Viewing the United States as a nation rife with injustices, the Minneapolis Foundation supports groups that seek to rectify the "social inequities that exist related to poor people, people of color, women, individuals with disabilities, or gays and lesbians." Emmett Carson has expressed the Foundation's view that blacks and Mexicans in America have historically been, and continue to be, "subjected to capricious and racist government policies." 

The Minneapolis Foundation characterizes the federal government's post-9/11 anti-terrorism measures as racist assaults on the civil rights and liberties of immigrants. "Once in America," says the Foundation, "[immigrants] find that world events continue to influence their lives in the form of federal and local policies that regulate immigration, documentation, and mobility. Since September 11th, the phrase 'national security' has been invoked as the impetus for many of these changes. For example, male temporary visitors from more than a dozen Muslim countries—most of them in the Middle East—have been photographed and fingerprinted by the federal government. In Minnesota, as elsewhere throughout the country, policy debates about national-security and human and civil rights are often emotional and divisive. In some respects, this is reminiscent of the anti-German and Japanese campaigns during the first and second world wars."
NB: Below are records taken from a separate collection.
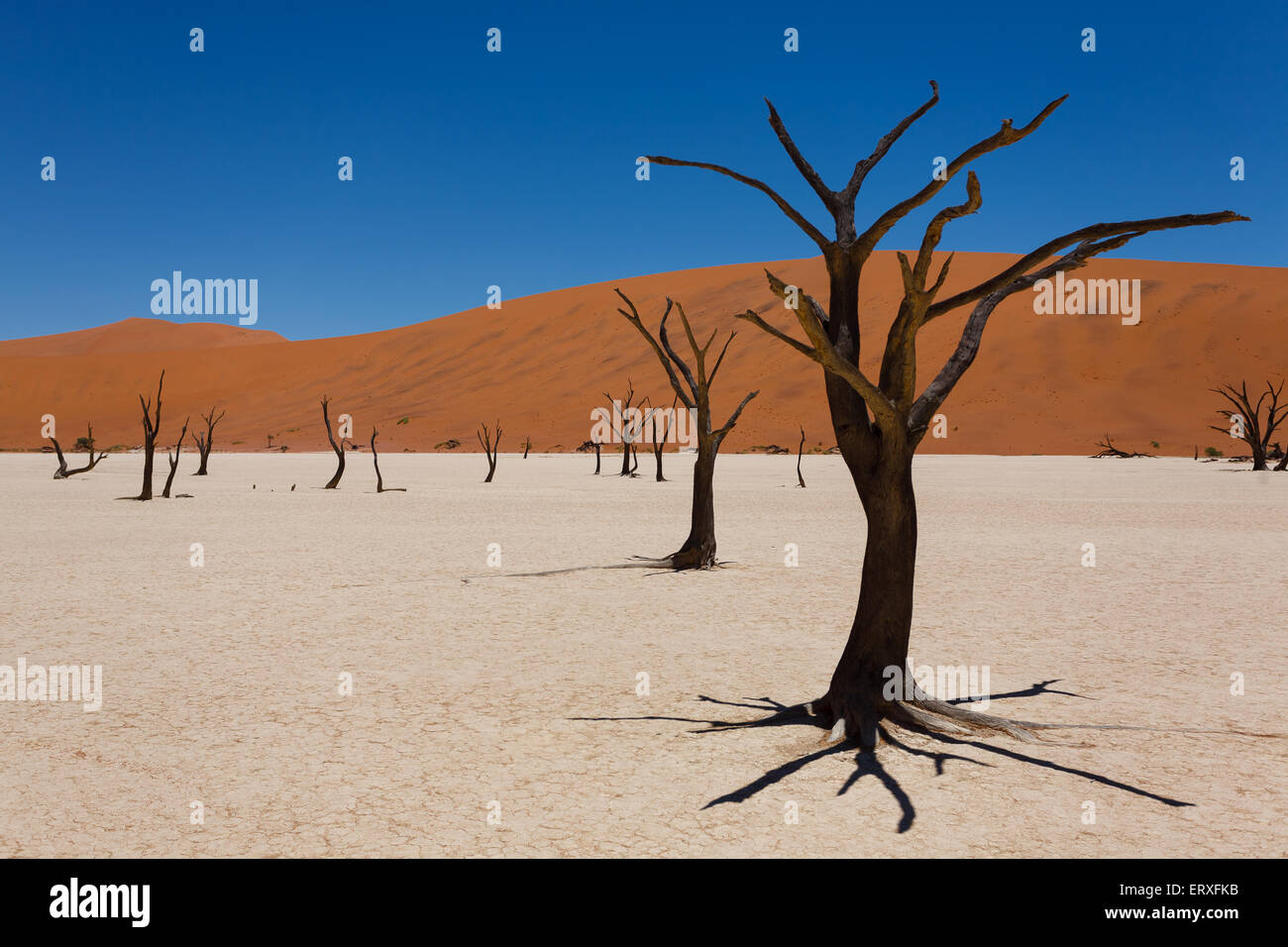 Une vue de Dead Vlei Sossusvlei, Namibie Banque D'Images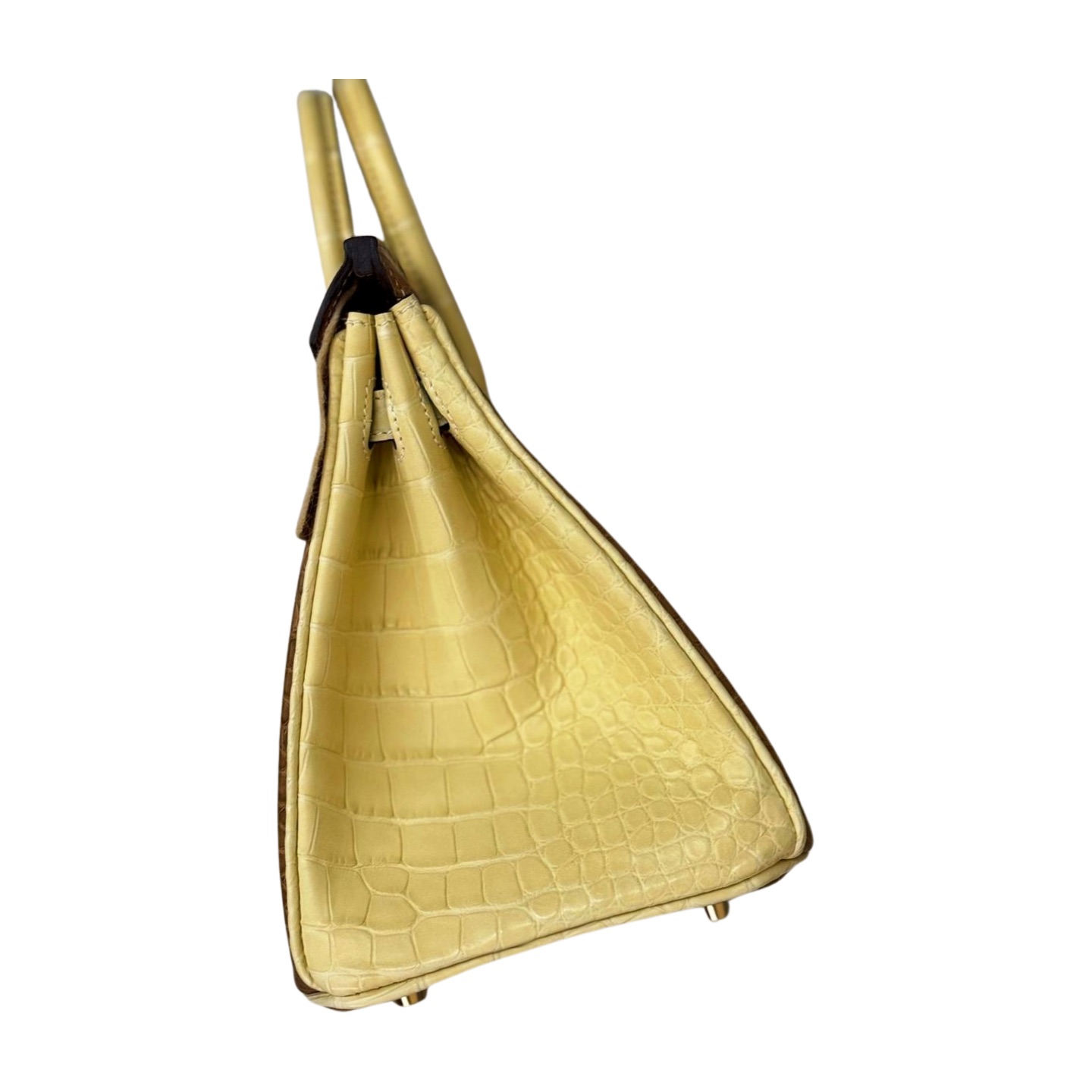 Hermès Birkin 25 Matte Alligator — view 7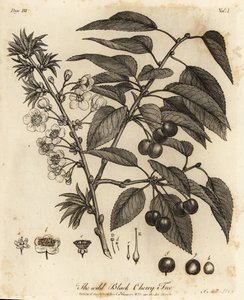 Cereja ácida, cereja torta ou cereja anã, Prunus cerasus.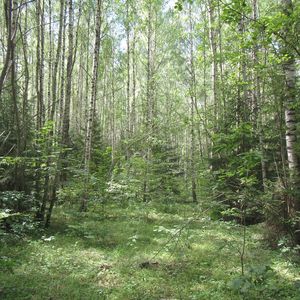 Предоставления лесного участка на праве постоянного пользования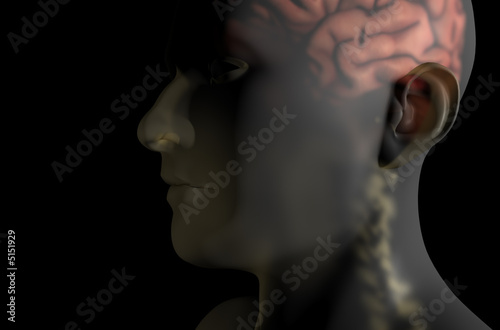 Brain and spine oblique in transparent body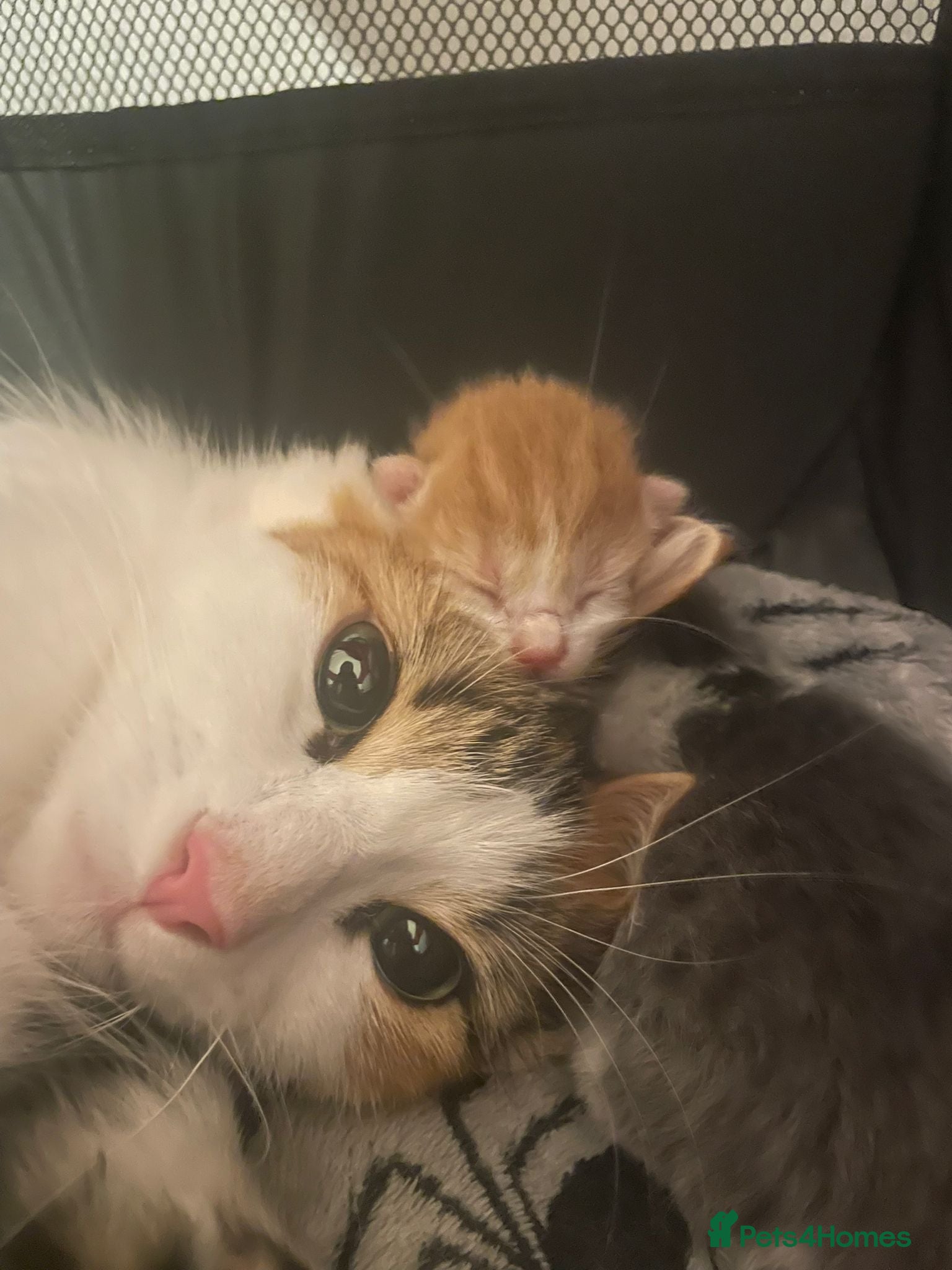 Mixed Breed cats 5 kittens for sale. - Advert 1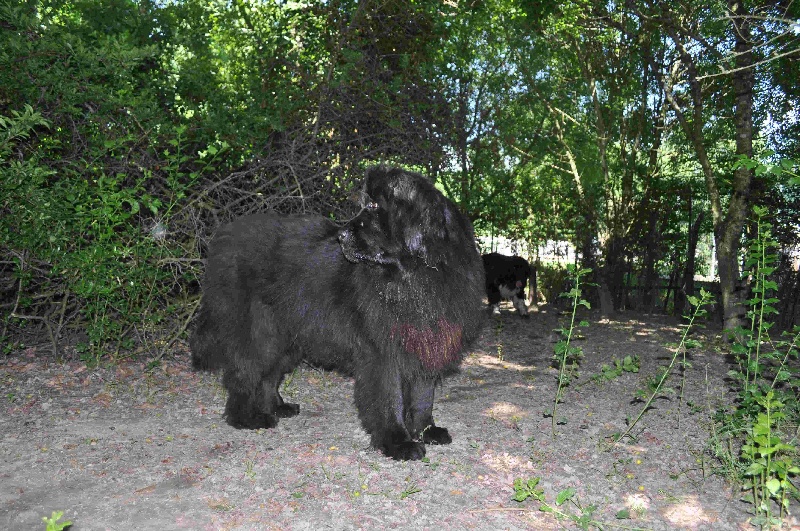 Publication : Des lutins noirs aux yeux d'amour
Among the recent recipients of Minneapolis Foundation grants are the National Association for the Advancement of Colored People; Centro Campesino; the Association of Community Organizations for Reform Now (ACORN); the National Immigration Forum; the Headwaters Fund; the Council on Foundations; the International Peace Academy; National Public Radio; the Public Broadcasting Corporation; Planned Parenthood; the Trust for Public Land; the Wilderness Society; the League of Women Voters; the Ploughshares Fund; the Storefront Group; the Urban Coalition; Peaceworkers; the American Refugee Committee; Citizens for a Safer Minnesota Education Fund; Twin Cities RISE; ISAIAH; Advocating Change Together; the Population Coalition; the Human Rights Campaign Foundation; Human Services; Outfront Minnesota; the Minnesota Center for Environmental Advocacy; the Green Institute; the Headwaters Fund; the Northern Environmental Support Trust; the White Earth Land Recovery Project; Chrysalis - A Center for Women; Minnesota Advocates for Human Rights; the Minnesota Coalition for the Homeless; the Minnesota Womens Political Caucus; the Farmers' Legal Action Group; Hispanic Advocacy and Community Empowerment through Research; the Immigrant Law Center; and the Institute for Agriculture and Trade Policy.